"Europa atmet auf: Neuerlich hat ein angekündigter Sieg eines Rechtspopulisten nicht stattgefunden" - lässt sich der Wahlausgang in den Niederlanden auf diesen Satz reduzieren?
ANDREJ ZWITTER: Man könnte, aber man muss anhängen, dass dieses Wahlergebnis auch das Problem spiegelt, mit dem die EU seit Jahren zu kämpfen hat: Das Friedensprojekt muss den Bürgern wieder klar gemacht werden, die EU ist nicht nur ein ökonomischer Pakt. Die Wirtschaftskrise, die Flüchtlingskrise, der Brexit, das alles sind Probleme die dazu führen, dass Populisten ohne Lösungsansätze Anklang finden. Daran muss man arbeiten.
Dennoch blieb Geert Wilders weit hinter den Erwartungen zurück.
ZWITTER: Stimmt, der Zuspruch ist mit einem Plus von vier Sitzen im Parlament weit geringer ausgefallen, als erwartet, aber man muss das Ergebnis genauer betrachten. Auch Mark Rutte, der Premierminister hat mit seiner Partei zehn Sitze verloren. Das ist sehr viel. Und der Juniorpartner in der Regierung, die Sozialisten, wurden in einer historischen Dimension abgewählt. Diese Stimmen gingen aber eben nicht an Rutte, sondern wanderten nach links ab. Damit sehen wir auch in den Niederlanden, dass die Spaltung Europas in extreme Lager voran geht.
Die Grünen haben sich vervierfacht - ebenso ein historischer Wert. Wo steht die Partei, die sich formell als Grün-Links bezeichnet?
ZWITTER: Inhaltlich kann man sie durchaus mit den Grünen in Österreich vergleichen. Wenn man so will, hat man nun in Holland jene Situation die man auch in Österreich bei den Wahlen 2016 hatte: zwei starke Pole abseits der klassischen Volksparteien.
Warum schaffte es Premierminister Rutte nicht mehr Wähler an sich zu binden?
ZWITTER: Die Wahl hat die Menschen bewegt, das sieht man auch daran, dass Stimmzettel nachgedruckt werden mussten, weil so viele Menschen wählen gingen.

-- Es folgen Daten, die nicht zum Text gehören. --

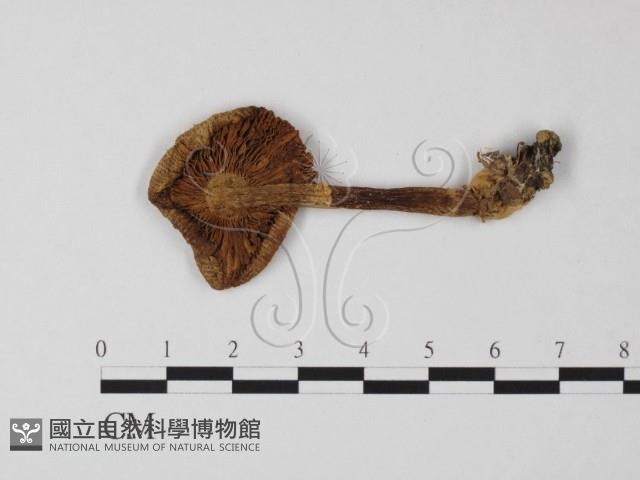 登錄號:F0012310藏品圖，第1張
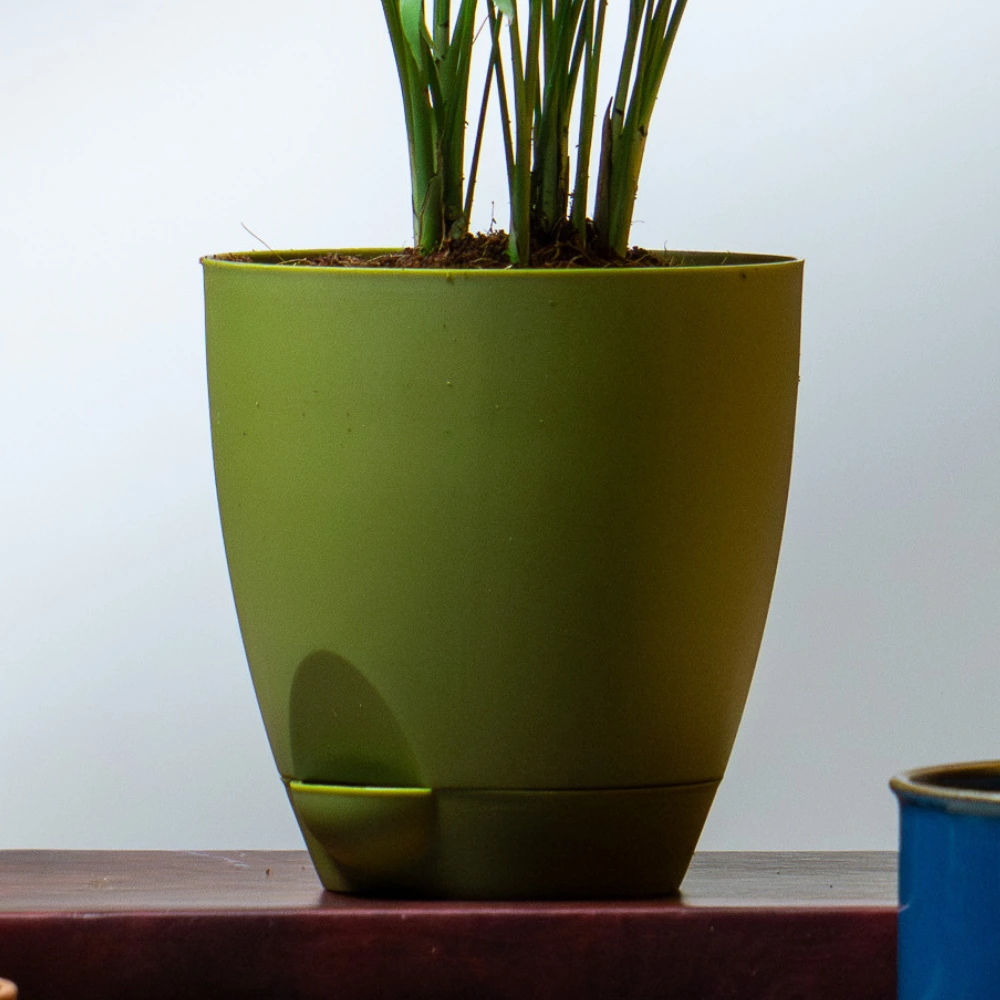 product-gallery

Das kostete Rutte natürlich einige Prozentpunkte, denn die Menschen, die links wählten, stellten sich auch klar hinter die niederländische Tradition eines liberalen Staates, in dem extreme Äußerungen keinen Platz haben. Ob das Schaugefecht mit Erdogan Rutte sogar ein paar Prozente gekostet hat oder Leute davon abhielt, andere Parteien zu wählen, ist derzeit allerdings noch nicht klar.